Instructions for the task
Quote the lines below from the one containing "Sturdy Red Fabric" to the final line, both ends included; exclude the pictures.

Input data
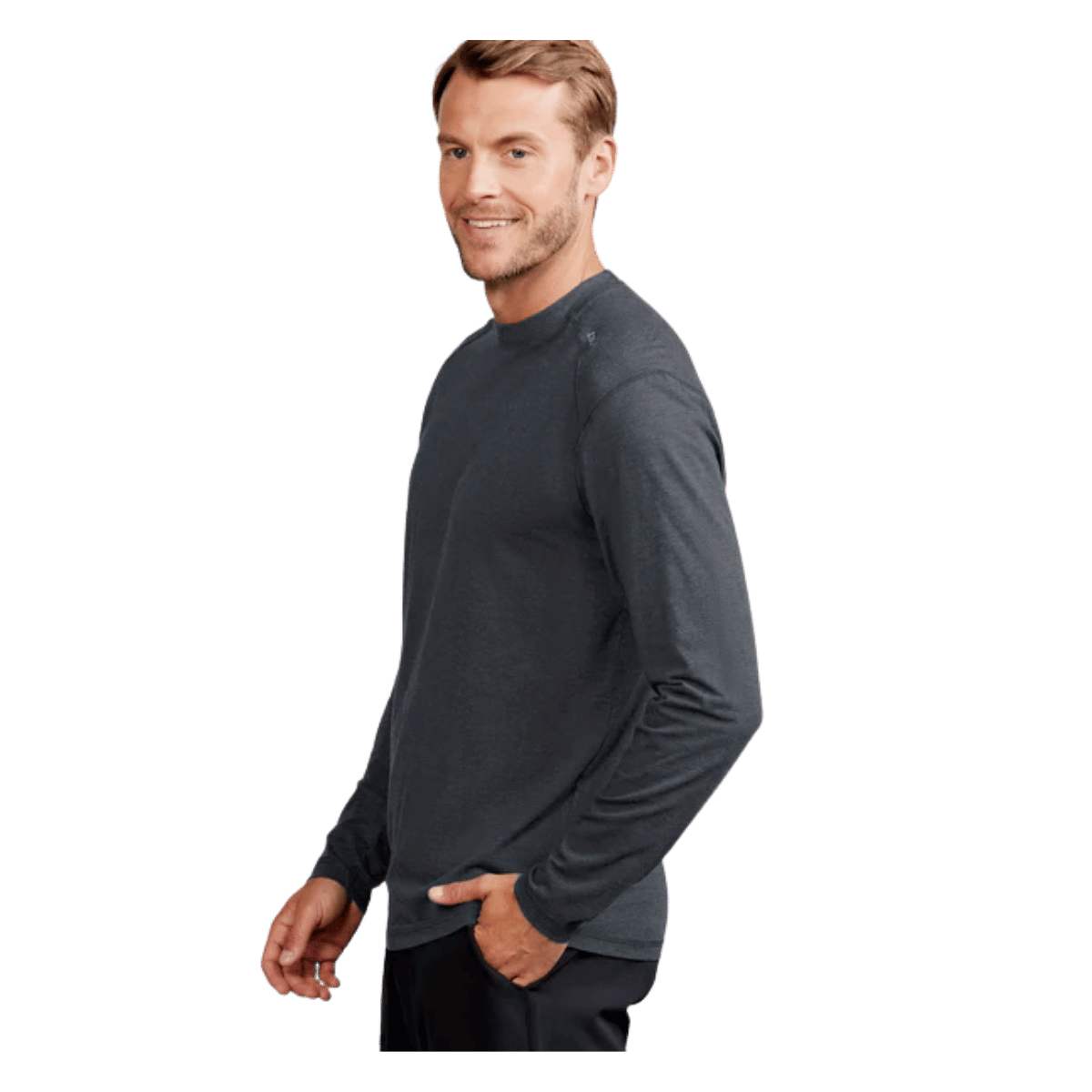 TASC CARROLLTON FITNESS LONGSLEEVE T-SHIRT IRON HEATHER SIDE VIEW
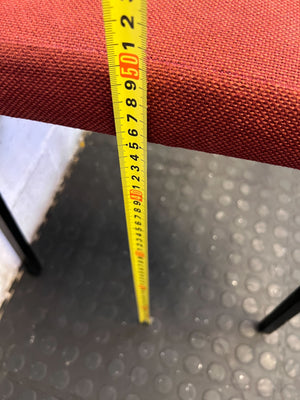 Sturdy Red Fabric Chair with Black Metal Frame - Minor Wear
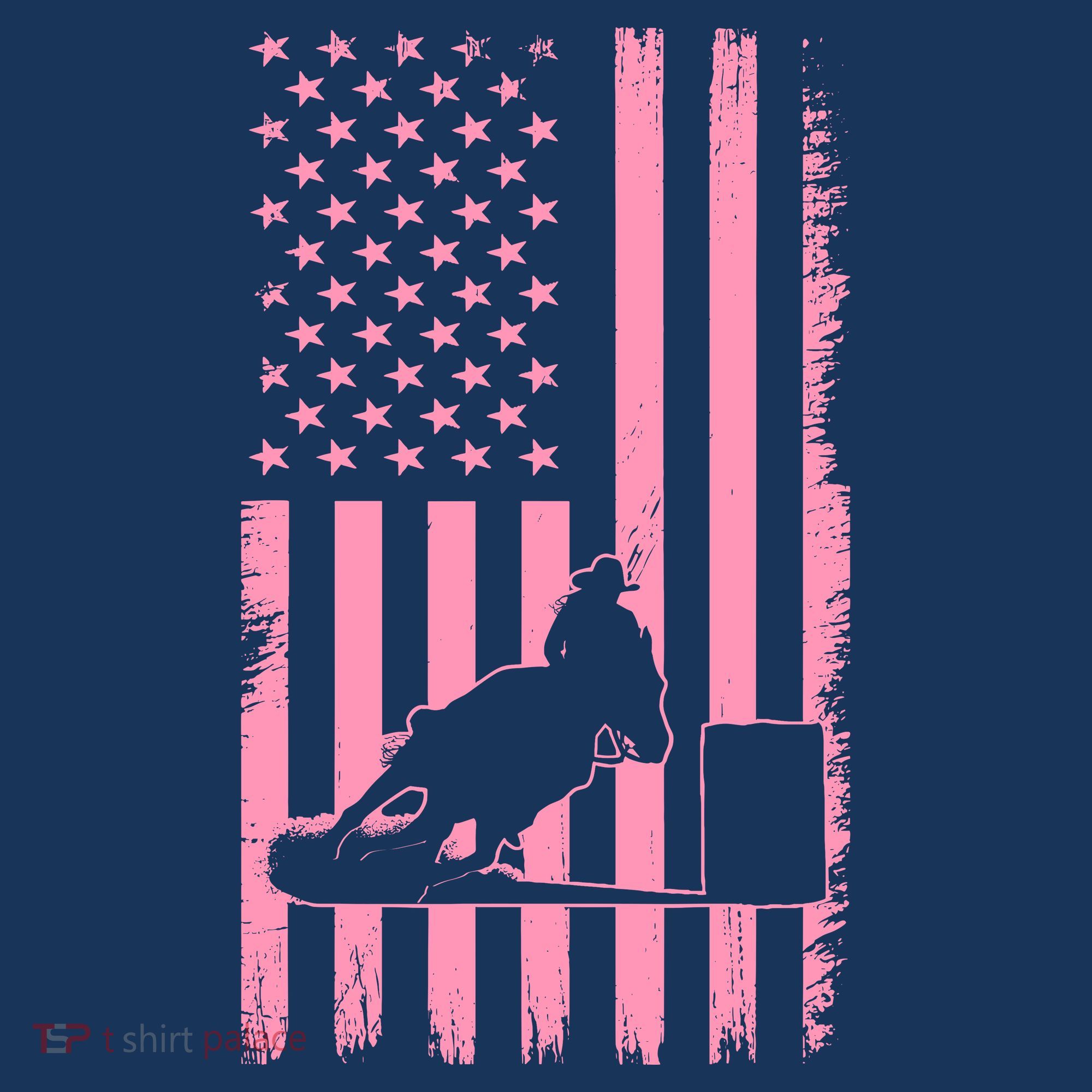 Us Flag Pink Cowgirl Rodeo Western Horse Barrel Racing Women's Tank Top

Response
 Sturdy Red Fabric Chair with Black Metal Frame - Minor Wear
 Us Flag Pink Cowgirl Rodeo Western Horse Barrel Racing Women's Tank Top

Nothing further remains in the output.